Field of the Invention
The present invention relates to the field of equipment for laser drilling, and more specifically to such equipment comprising an optical drill head and a laser module with embedded laser subsystems.
Prior Art
A solution for the problems associated to the use of conventional drilling equipment that employs drilling bits that comprise one or more cutting mechanical elements was the use of laser beams as a mean of drilling wells in the ground.
Thus, U.S. Pat. No. 3,871,485 teaches a drilling process using a laser beam wherein a laser beam generator connected to a voltage generator charged by drilling mud or other liquid that passes through a laser beam slot connected to the drill string is positioned in the wellbore and a crystal reflector is positioned inside the laser beam slot to reflect the beam in an elliptical pattern across the formation to be entered.
U.S. Pat. No. 4,066,138 teaches an apparatus to drill the ground assembled above the ground that drives downward a high power energy laser ring to drill a cylindrical orifice by fusing the successive annular regions of the extraction to be entered in a power level that smashes and ejects the orifice successive layers.
U.S. Pat. No. 4,113,036 teaches a laser drilling method and system to recover fossil fuels wherein a vertical bore is drilled in an underground formation; a laser beam is projected through the vertical bore and reflected horizontally from the orifice through the formation along an array of bores.
U.S. Pat. No. 4,090,572 teaches a process and apparatus for laser-treatment of geological formations where a laser beam is projected through a guide for the light beam in a wellbore along a beam guide providing enough laser energy to melt or vaporize formations under underground conditions.
Despite all advantages associated to the use of this drilling method, which is not based on the physical contact between the drill bit and the surface to be drilled, and that presents other advantages, such as a higher speed of penetration, lack of physical contact between the drilling bit and the surface to be drilled, and energy efficiency to name a few, the utilization of lasers to drill wells was not developed at trade levels in function of and due to the lack of lasers with minimal power needed for efficient and competitive drilling when compared to mechanical equipment.
Another problem that has limited the practical implementation of laser-drilling is the large dimension of conventional lasers, which makes impossible their insertion into the drilled wellbores.

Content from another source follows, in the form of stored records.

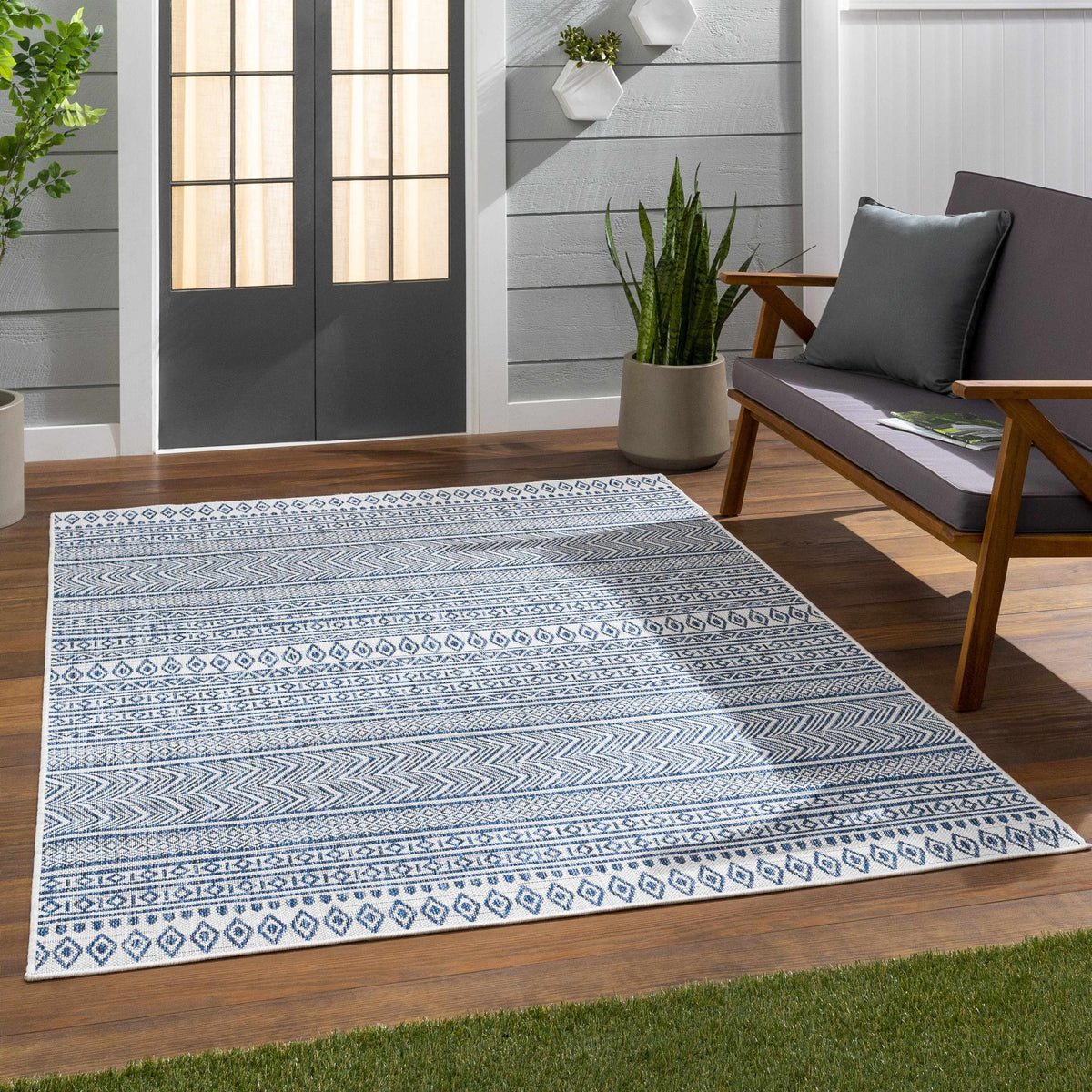 Madras Light Blue Green All Over Performance Outdoor Area Rug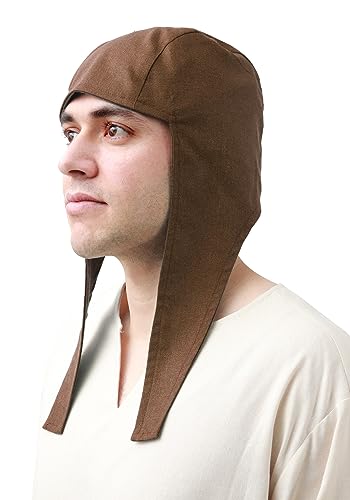 KUOIN Medieval Coif Cap Linen Hats Bonnet with Ear Flaps Victorian Peasant Cosplay Arming Cap Accessories3
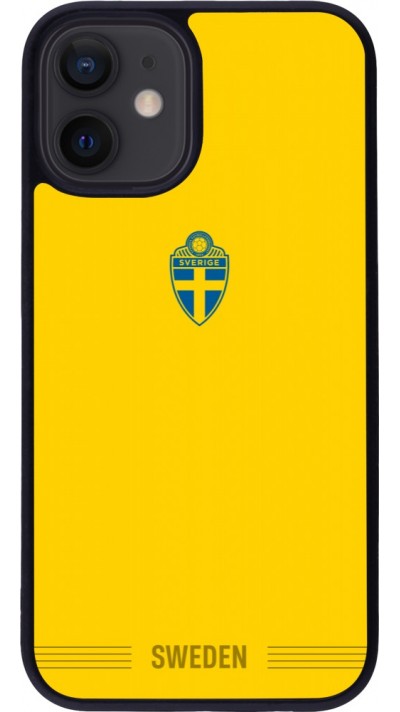 Coque iPhone 12 mini - Silicone rigide noir Maillot de football Suède 2026 personnalisable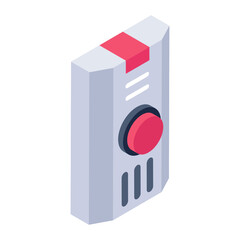 

Fire alert switch, isometric icon of emergency button 
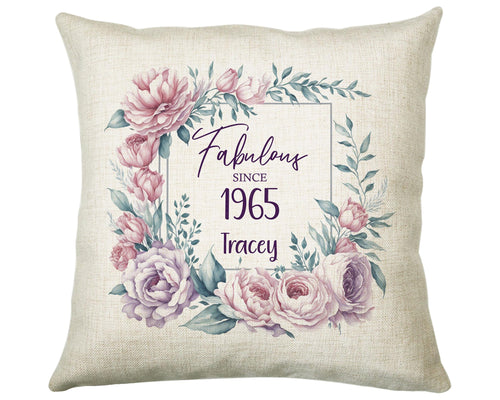 60th Birthday Gift for Women - Personalised 1965 Birthday Cushion Age 60 Gift for Her - Ladies Floral Age Design Mum Nan Gran Sixty BNR60C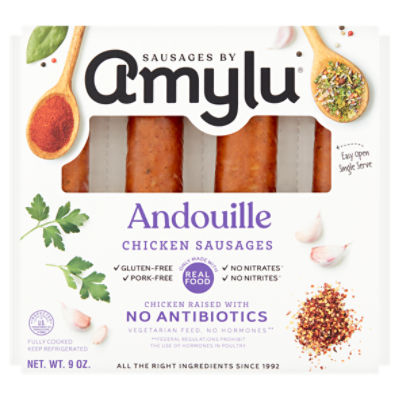 Amylu Andouille Chicken Sausages, 9 oz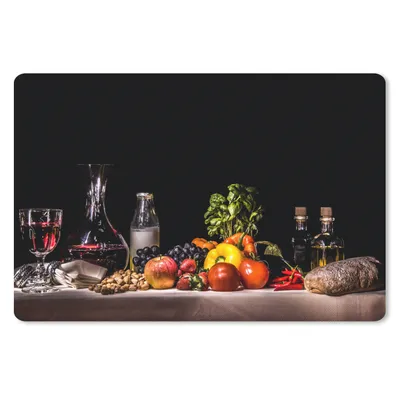 Produktbild von MuchoWow® Mauspad Mousepad Stilleben - Essen - Trinken - Obst - Schwarz 27x18 cm - Mousepads - Maus Mat - Pad - Mausunterlage - Büroartikel - Desk Matten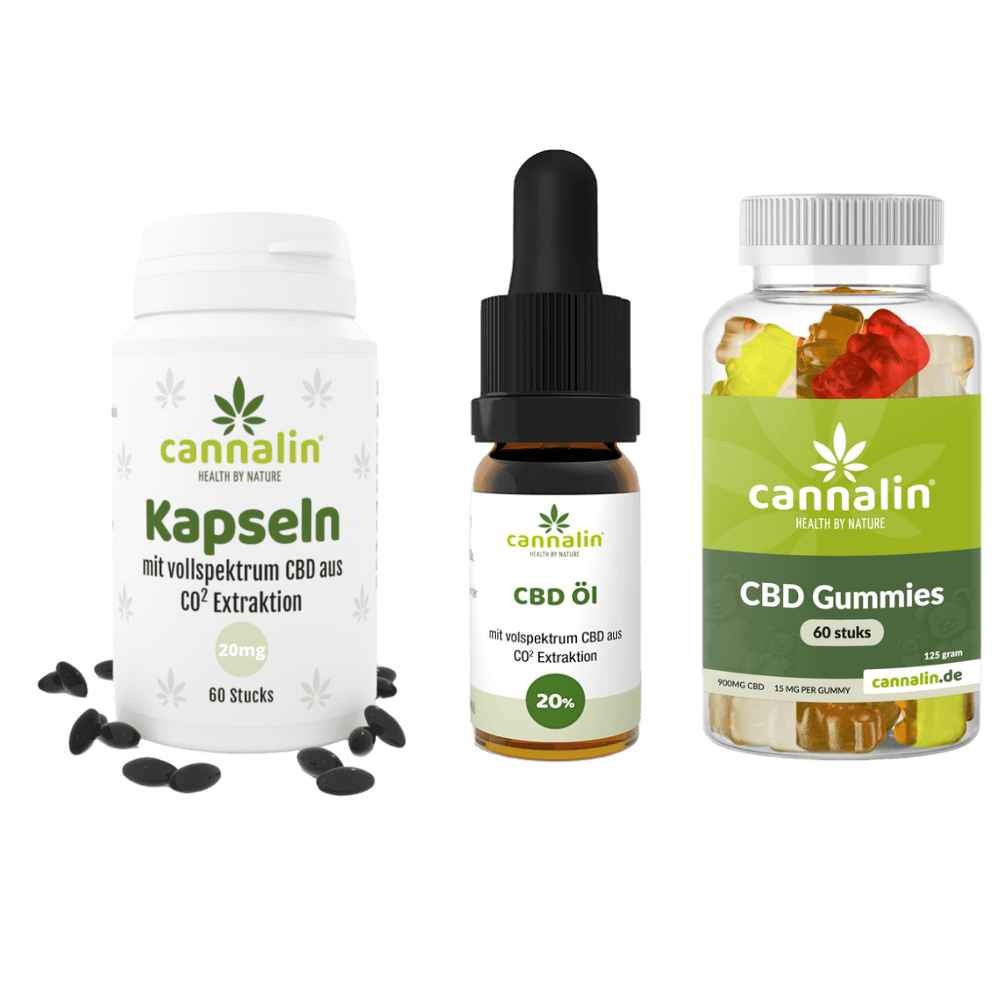 Köp Sie Probepaket 20% Vollspektrum + 20mg Kapseln + Gummies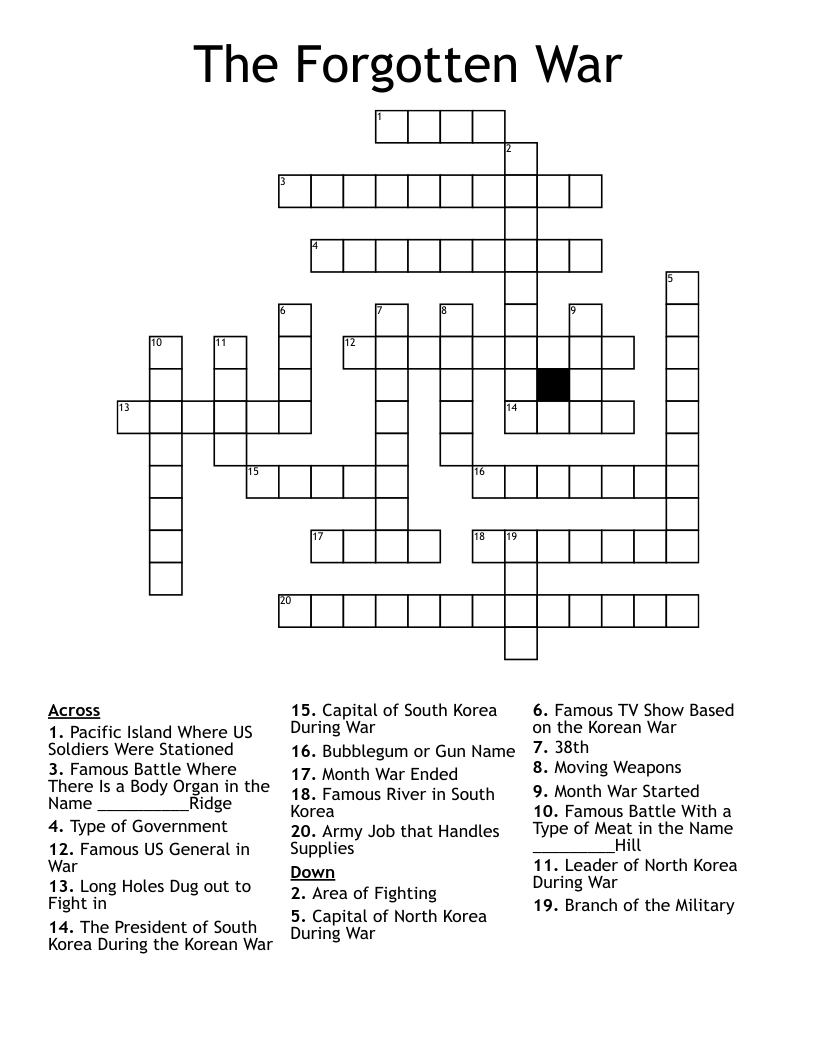 The Forgotten War Crossword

Another current limitation is the nonexistence of efficient (with low losses by confinement, high transparency, and control of susceptibility to nonlinear phenomenon induction) optical conductors (optical fibers) that allow the guidance of the laser light through long distances and in places with small dimensions and difficult access.
U.S. Pat. No. 5,107,936 teaches a hot-drilling process that employs laser beams as heat source in which the bore hole profile is melted by the heat source and, during the drilling process, the resulting molten rock is pressed against the surrounding sidewall of the well.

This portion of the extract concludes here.